WHAT THE TASK ASKS:
The required answer is an exact copy of the lines from the one containing "Avery Williams Quotes: It" to the end of the listing, both included, without any pictures.

EXERCISE INPUTS:

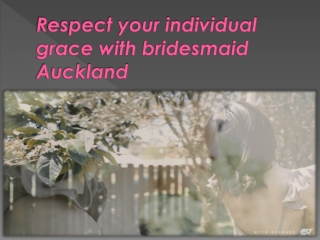 Respect your individual grace with bridesmaid Auckland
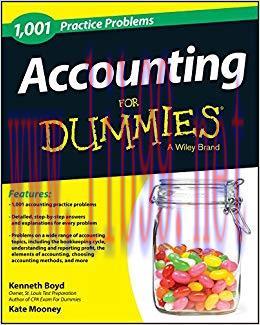 1,001 Accounting Practice Problems For Dummies 1st Edition,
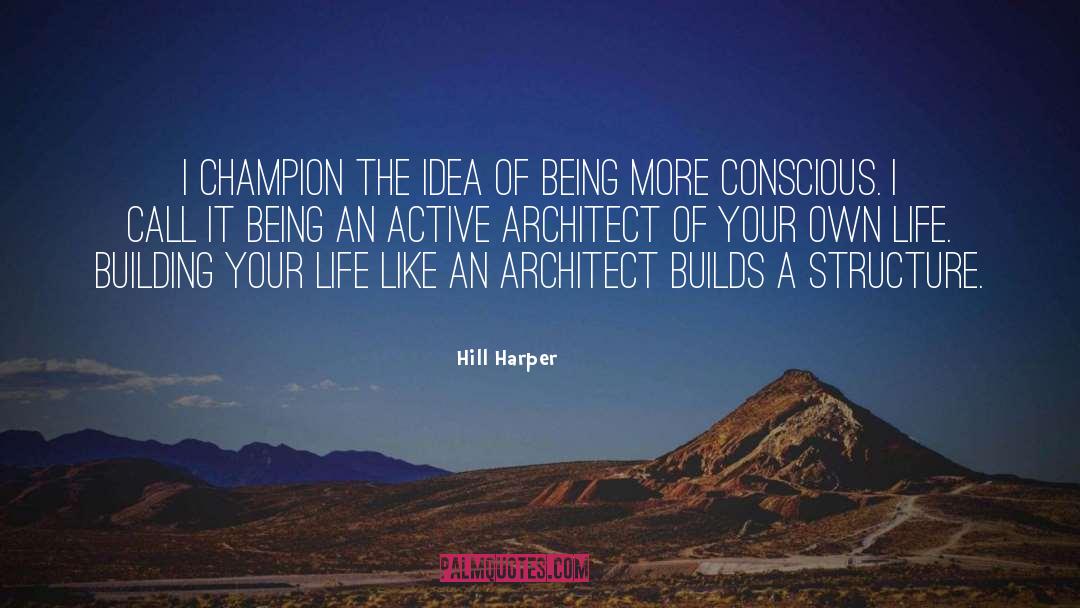 Idea Generation quotes by Hill Harper
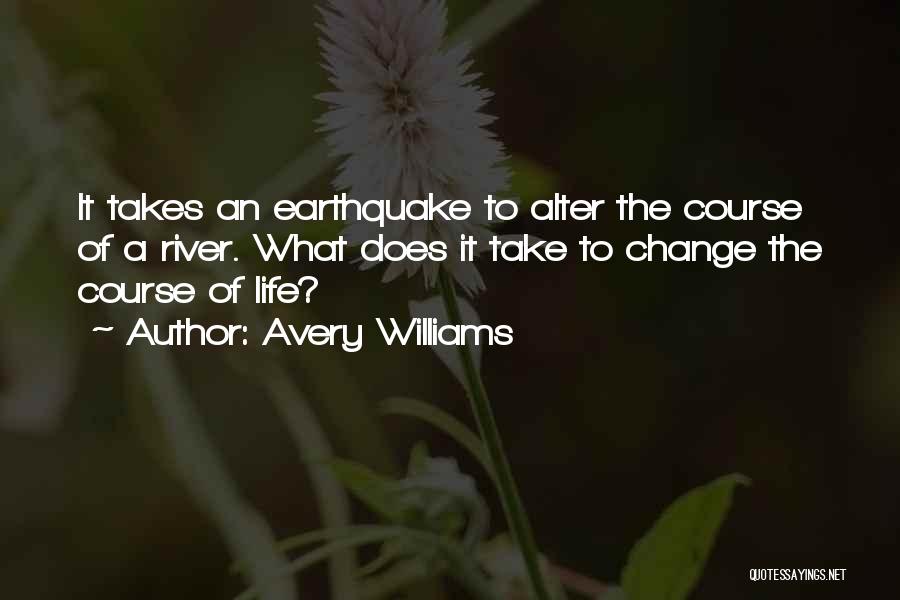 Avery Williams Quotes: It Takes An Earthquake To Alter The Course Of A River. What Does It Take To Change The Course Of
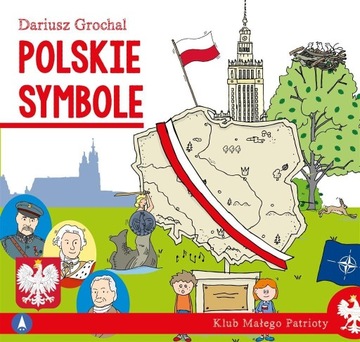 KLUB MAŁEGO PATRIOTY. POLSKIE SYMBOLE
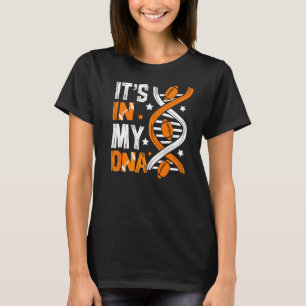 Es ist in meinem DNA Football Sport Players Fans T T-Shirt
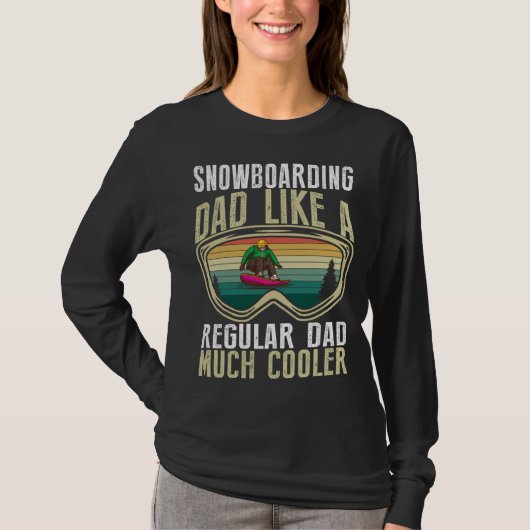 T-shirt Snowboarding Dad Like A Regular Dad Much Cooler (Devant)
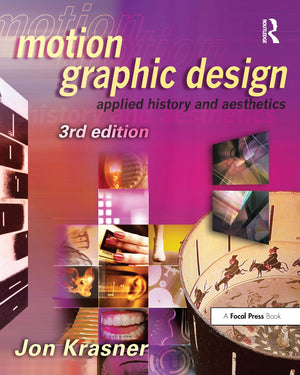 Motion Graphic Design: Applied History And Aesthetics,New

ANSWER TO THIS TASK:
 Avery Williams Quotes: It Takes An Earthquake To Alter The Course Of A River. What Does It Take To Change The Course Of
 KLUB MAŁEGO PATRIOTY. POLSKIE SYMBOLE
 Es ist in meinem DNA Football Sport Players Fans T T-Shirt
 T-shirt Snowboarding Dad Like A Regular Dad Much Cooler (Devant)
 Motion Graphic Design: Applied History And Aesthetics,New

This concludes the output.